Per la prima personale in un museo italiano Jenny Saville espone dieci tele di grande formato, alcune delle quali realizzate per l’occasione. L’odore d’olio aggredisce l’olfatto prima che il sipario si apra sulle figure e sulle scene, emana fresco dalle pennellate pesanti, dalle lingue di colore che esumano i corpi di donne e animali. In effetti, come è stato notato, a dispetto delle misure lo spettatore sembra talvolta ritrovarsi in una galleria di quadri “osceni”, la più segreta e la più raffinata, come nel cuore di una collezione seicentesca.
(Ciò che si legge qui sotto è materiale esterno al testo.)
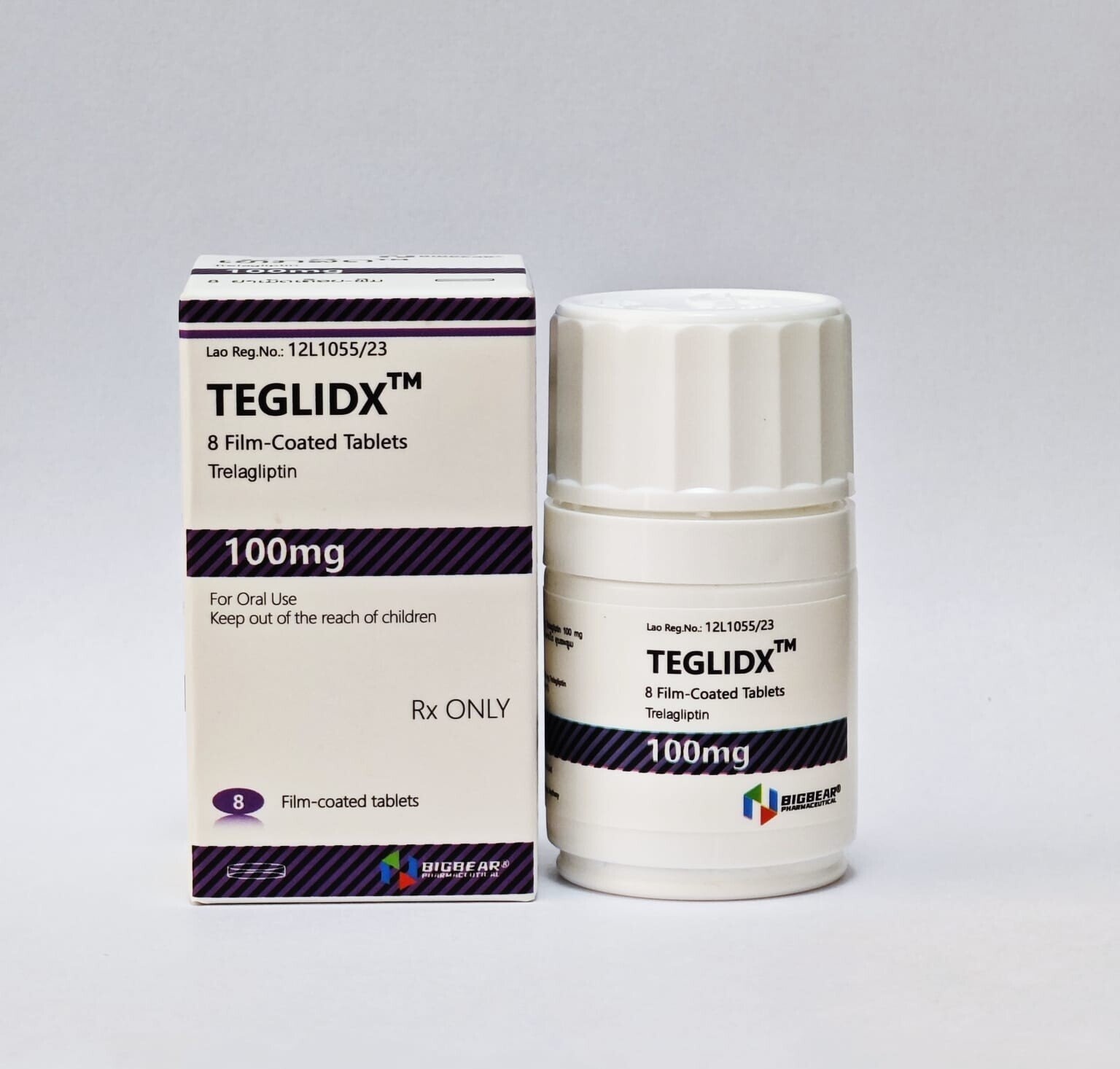 老挝大熊片 100mg｜BIGBEAR TEGLIDX Trelagliptin
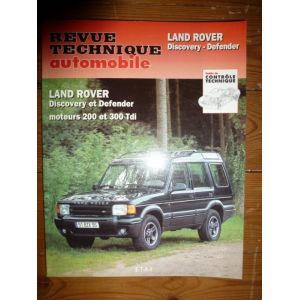 Revue technique land rover defender 90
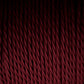 Vintage 2 core Twisted Italian Braided Cable, Electrical Fabric Flexible Lamp Cable~1417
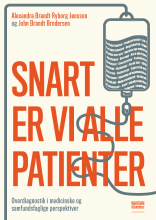 Bogcover til Snart er vi alle patienter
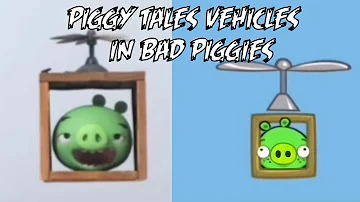 Piggy Tales Vehicles In Bad Piggies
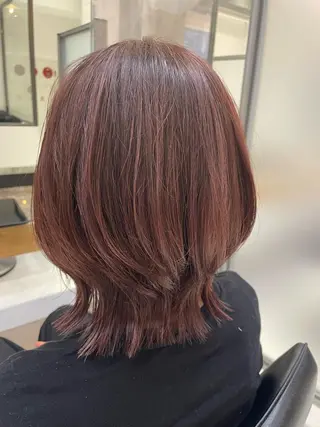 ミディアム カラー 🦕小林 大地🦕のヘアスタイル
Sono passati quasi dieci anni da Sensation, la mostra dei Young British Artists che nel 1997 consacrò Saville e altri protagonisti del panorama odierno, alimentando al contempo una riflessione sull’estremo in arte. Oggi è possibile, qui al Macro, a Napoli e in alcune gallerie del Nord, considerare gli esiti di quell’onda violenta, svolgerne in parte le storie.
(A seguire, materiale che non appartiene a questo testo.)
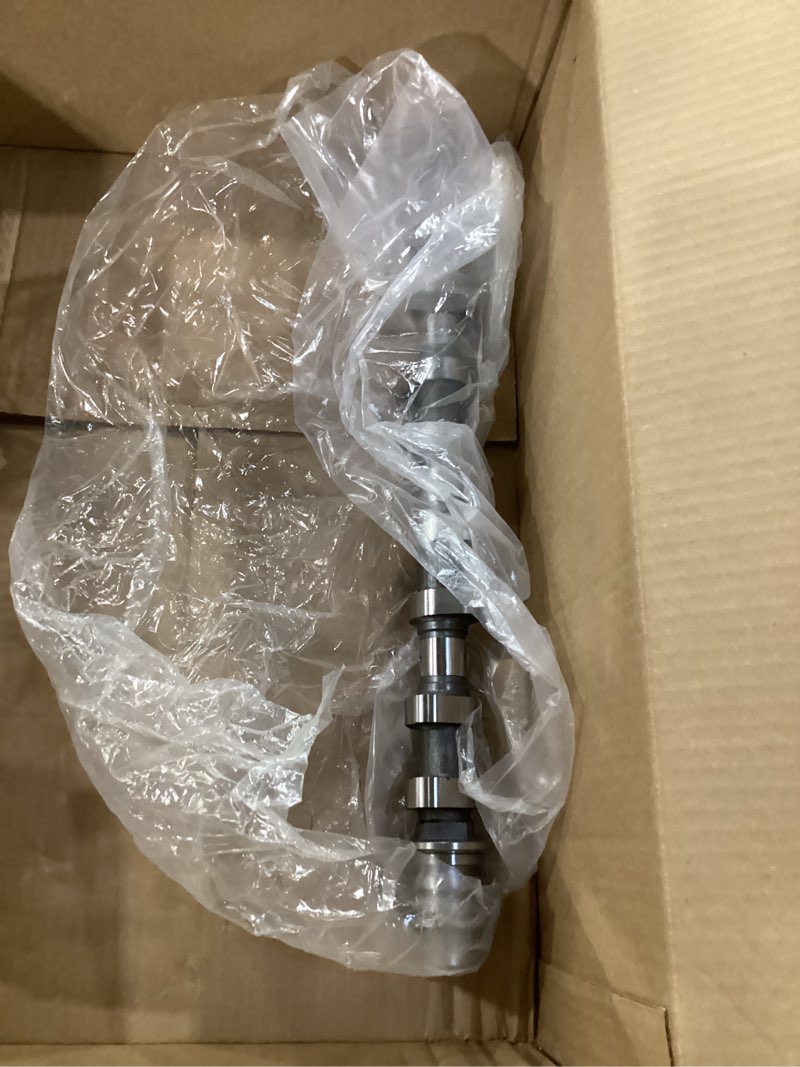 Condition photo showing Good Condition for 24200-2e074 exhaust camshaft compatible with hyundai elantra veloster kona, kia forte soul seltos 2017-2021 2.0l replaces for 24200-2e084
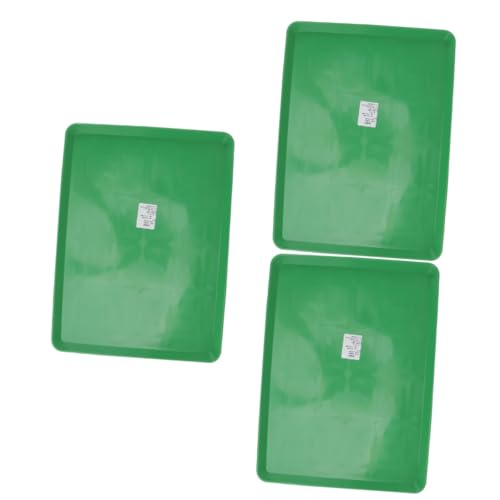 BESPORTBLE 3 STK Haustiertoilette Hundeunterlagen für die Kiste Kofferraumwanne kaninchenkäfig Rabbit cage Flache Pfanne große Hundehütte Haustierzubehör Kotschale für Haustiere Hundekäfig BESPORTBLE 3 STK Haustiertoilette Hundeunterlagen für die Kiste Kofferraumwanne kaninchenkäfig Rabbit cage Flache Pfanne große Hundehütte Haustierzubehör Kotschale für Haustiere Hundekäfig von BESPORTBLE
Il sentimento più diffuso nella critica, se non nel mercato, è che le cariche trasgressive sprigionate dalle creazioni di Hirst e compagni si siano dissolte in una costellazione di sapienze formali, minata ai limiti da un peccato di autoreferenzialità.
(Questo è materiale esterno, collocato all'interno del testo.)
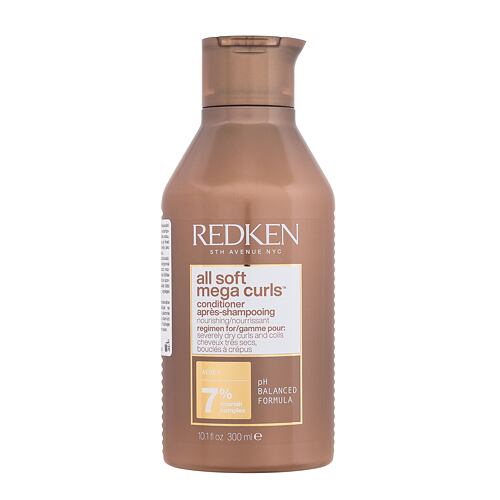 Kondicionér Redken All Soft Mega Curls Conditioner 300 ml
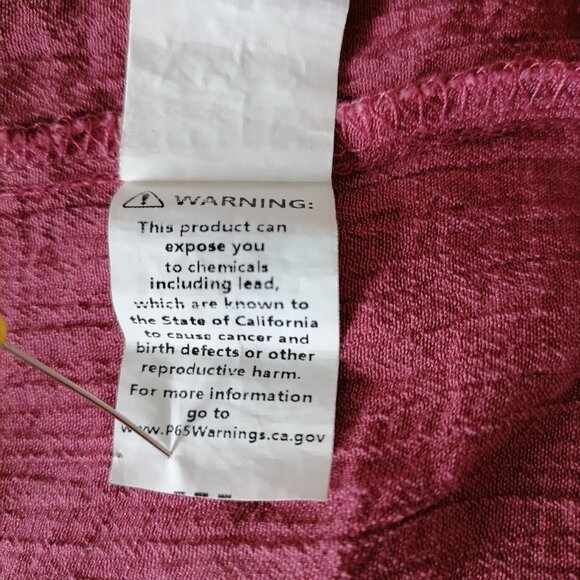 Parallel Skies Women's Maroon Red Ruffle Comfy Roll Tab Sleeve Shirt Size XL - Picture 8 of 8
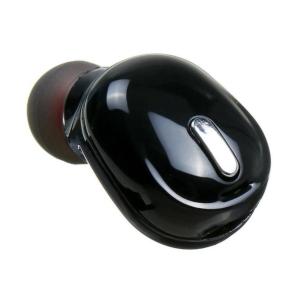 ワイヤレスイヤホン Bluetooth 5.0 インイヤー ヘッドセット 片耳用 スポーツイヤホン ブラック 黒  定形外郵便 送料無料 (在宅不要 ）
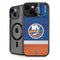 NHL New York Islanders Jersey iPhone 14 Plus Kickstand Case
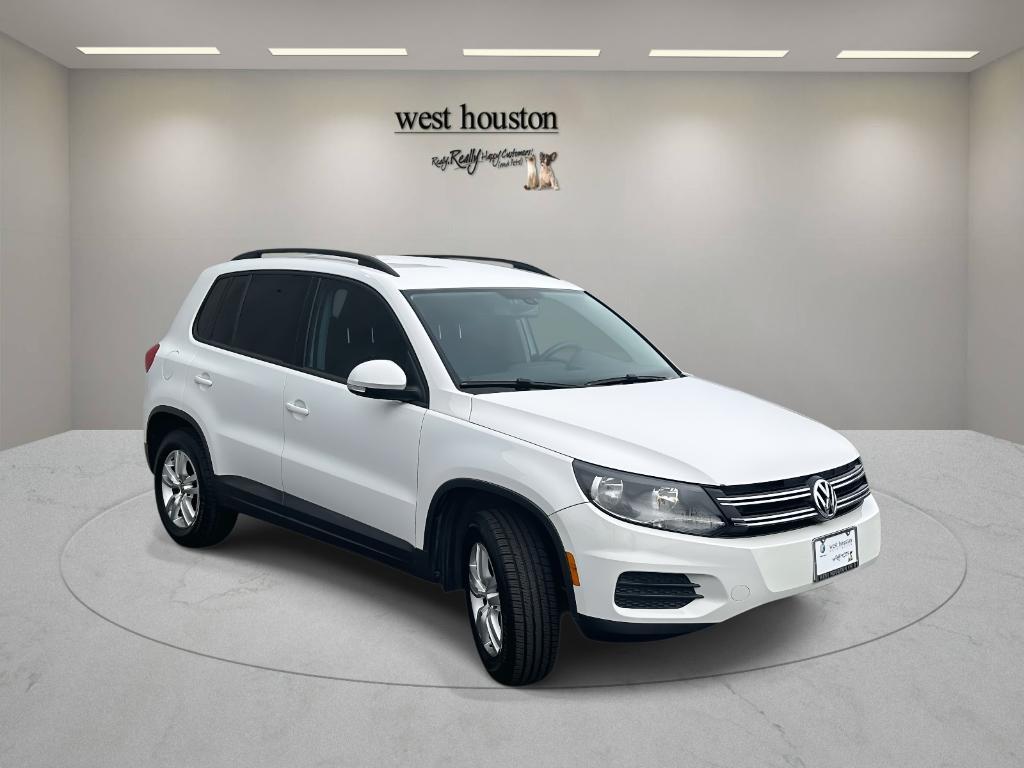 used 2017 Volkswagen Tiguan car, priced at $8,450
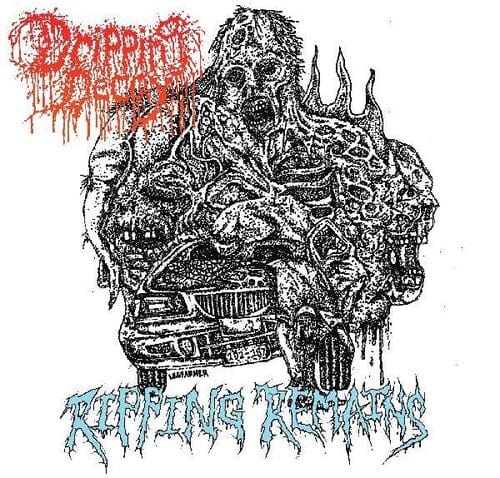 Dripping Decay Music > Vinyl Records Dripping Decay - Ripping Remains (Colored Vinyl, Yellow, Green, Splatter) 634457160989 STNI17.1
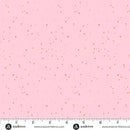 Andover Petals And Stitches Tinted Dots Pink Fabric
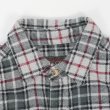 画像3: 00's MOOSE CREEK ヘビーネルシャツ "Gray Plaid" (3)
Le opere di Saville non turbano questo quadro, e anzi propongono un sicuro intreccio di effetti e motivi. Il primo dato è la fortissima volontà di pittura (anche nel senso di una personale storia dell’arte), confrontata senza timidezze con altri codici novecenteschi, in primis la performance art femminista, la body art, l’oggetto fotografato e Cindy Sherman.
I corpi obesi, le teste tumefatte e le carcasse decollate, originati da una fotografia scattata dall’artista, sono insieme il risultato di una messa in scena calcolata otticamente e un’immissione potente di materia e colore. Sono percorsi a tratti quasi autonomi, e comportano da una parte una differenziazione percettiva e interpretativa a seconda della distanza con cui si guardano le tele, dall’altra una sorprendente precarietà di esistenza delle stesse figure sanguinolente. Questo doppio registro seduce e irretisce lo sguardo, lo invita alla cruda classificazione delle speci, dove il coltello ha inciso una carne già devastata o mutata dai rituali contemporanei.
Non è solo il momento lesivo dell’integrità di un corpo o di un’identità a strutturare le narrazioni di Saville; il punto finale è una pittura descrittiva e analogica, una immaginaria ricomposizione post mortem, come se ai fini dell’arte la pittrice adottasse pratiche “neutre” di osservazione scientifica.